▸ **What this task involves**:
From the data below, copy exactly the lines that lie between the one holding "Following investigations by" and the one holding "#DutyOfCare https://t.co/kWf7WIWZVE", including both, and nothing more.

▸ **Data extracts**:

------

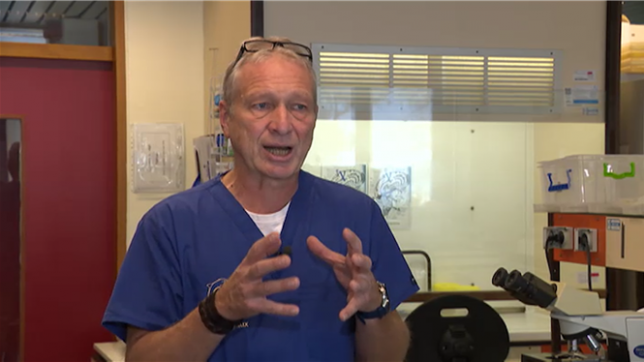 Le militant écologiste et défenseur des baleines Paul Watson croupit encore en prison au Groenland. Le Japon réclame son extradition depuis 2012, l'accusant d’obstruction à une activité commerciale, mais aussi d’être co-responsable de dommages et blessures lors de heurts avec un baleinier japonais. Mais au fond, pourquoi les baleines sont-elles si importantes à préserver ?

------

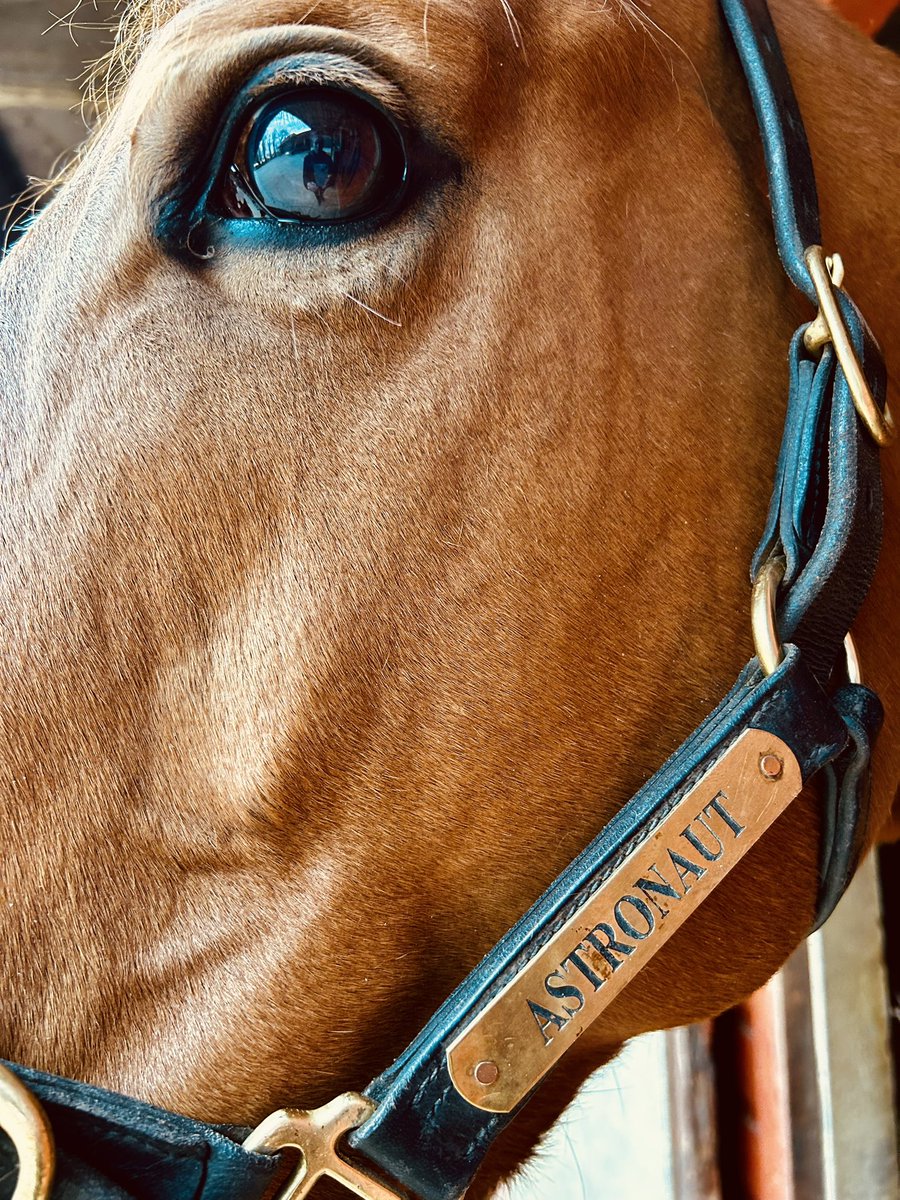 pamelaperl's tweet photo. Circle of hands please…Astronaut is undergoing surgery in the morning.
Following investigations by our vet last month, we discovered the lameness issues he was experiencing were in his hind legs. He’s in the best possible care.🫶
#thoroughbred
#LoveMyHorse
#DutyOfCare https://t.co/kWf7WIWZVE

------

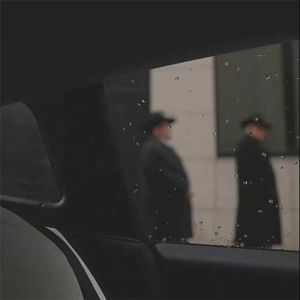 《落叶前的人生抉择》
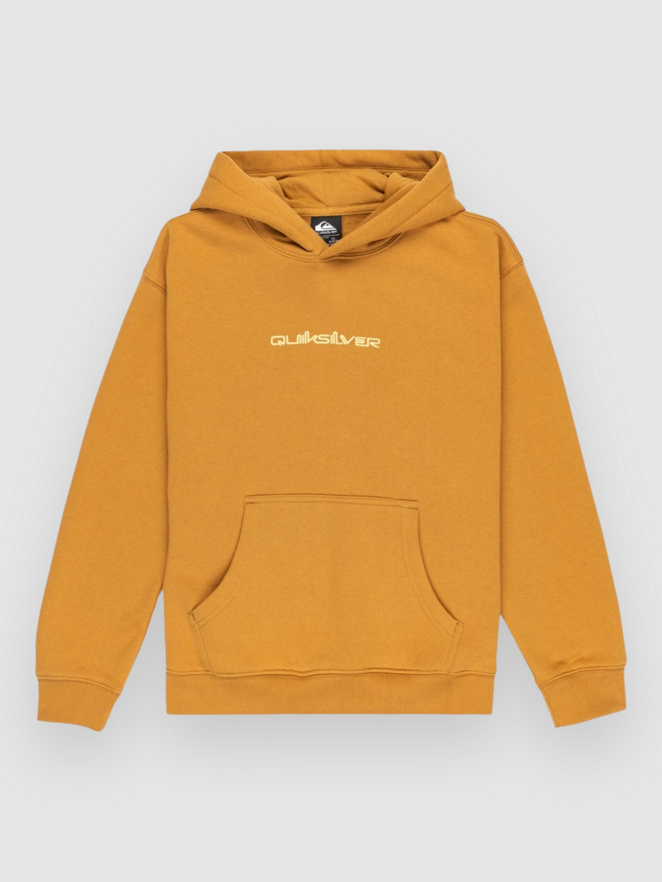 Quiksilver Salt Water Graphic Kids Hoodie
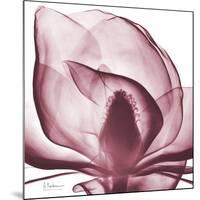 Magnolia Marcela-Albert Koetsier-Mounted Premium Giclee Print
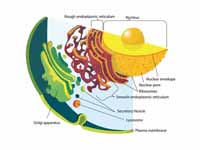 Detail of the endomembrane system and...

------

▸ **Output for this exercise**:
Following investigations by our vet last month, we discovered the lameness issues he was experiencing were in his hind legs. He’s in the best possible care.🫶
#thoroughbred
#LoveMyHorse
#DutyOfCare https://t.co/kWf7WIWZVE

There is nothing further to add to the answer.